Unless you’ve had your head under a rock you have heard about Don Imus’s incredibly insensitive comments made about the Rutgers Women’s Basketball Team.  Last Wednesday Imus described the predominantly black team as "nappy-headed hos."  The issue came up this morning in my Women’s History course.  Keep in mind that my students are all females, but I was asked what I thought should happen to Imus.  As a teacher my first instinct is to throw the question back and ask the students what they think, which I promptly did.  There were a number of questions and suggestions, but I was finally asked again to weigh in.  First, I reminded my female students that this is as much a gender as it is a racial issue.  Would Don Imus have said the same thing about a male team?  In terms of punishment, however, I expressed more concern about the way in which the question has been framed and discussed in the mainstream media.  As a society we have little patience in dealing with racial issues and fewer people even know how to honestly engage in dialog.  I don’t know what kind of punishment Don Imus should get because I find the question itself confusing.

What I don’t understand is why as a society we continue to tolerate this kind of language.
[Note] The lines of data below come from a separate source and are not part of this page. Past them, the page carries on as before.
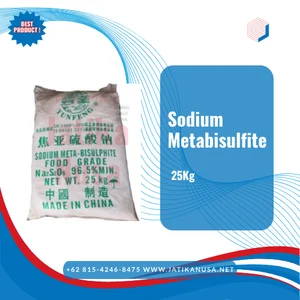 Bahan Kimia - Sodium Metabisulfite Pengawet Makanan Anorganik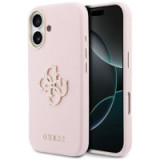 GUESS case for IPHONE 17 GUHCP17S5PS4RGGP (PU FW Resin Logo) pink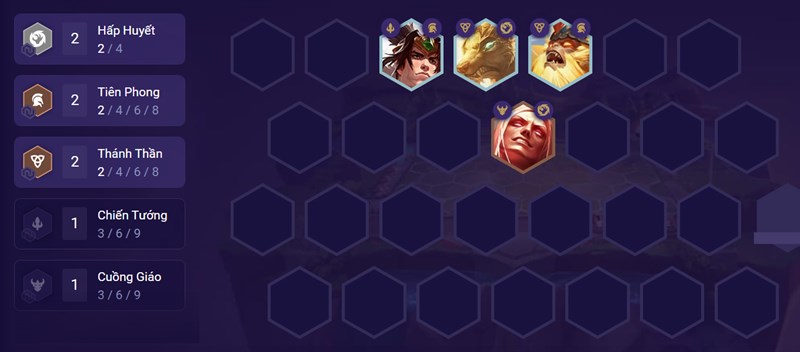 Đội hình đầu trận Đội hình đầu trận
Don Imus has one of the most popular radio talk shows (broadcasted live on MSNBC) and is a regular stop for politicians on the campaign trail, well-regarded journalists, and other popular figures.  What I have difficulty understanding is the fact that he apparently felt comfortable enough to say those things at all.  There was no hesitation in sharing these thoughts over the airwaves owned by NBC. The same can be said in regards to the comedian Michael Richards who also let loose a barrage of racial invectives on his black audience a few months ago.  I don’t believe for a minute that either Imus or Richards are rotten to the core, but they are clearly racially insensitive.  Their actions speak for themselves.  If as a society we believe that this language should not be countenanced in any way shape or form than we have to ask what consequences reflect those values.  In the end I’m not really concerned about Imus’s feelings of regret and the possibility of redemption.  I am much more concerned about the members of the Rutgers basketball team who didn’t do anything wrong apart from the fact that they are predominantly black and women.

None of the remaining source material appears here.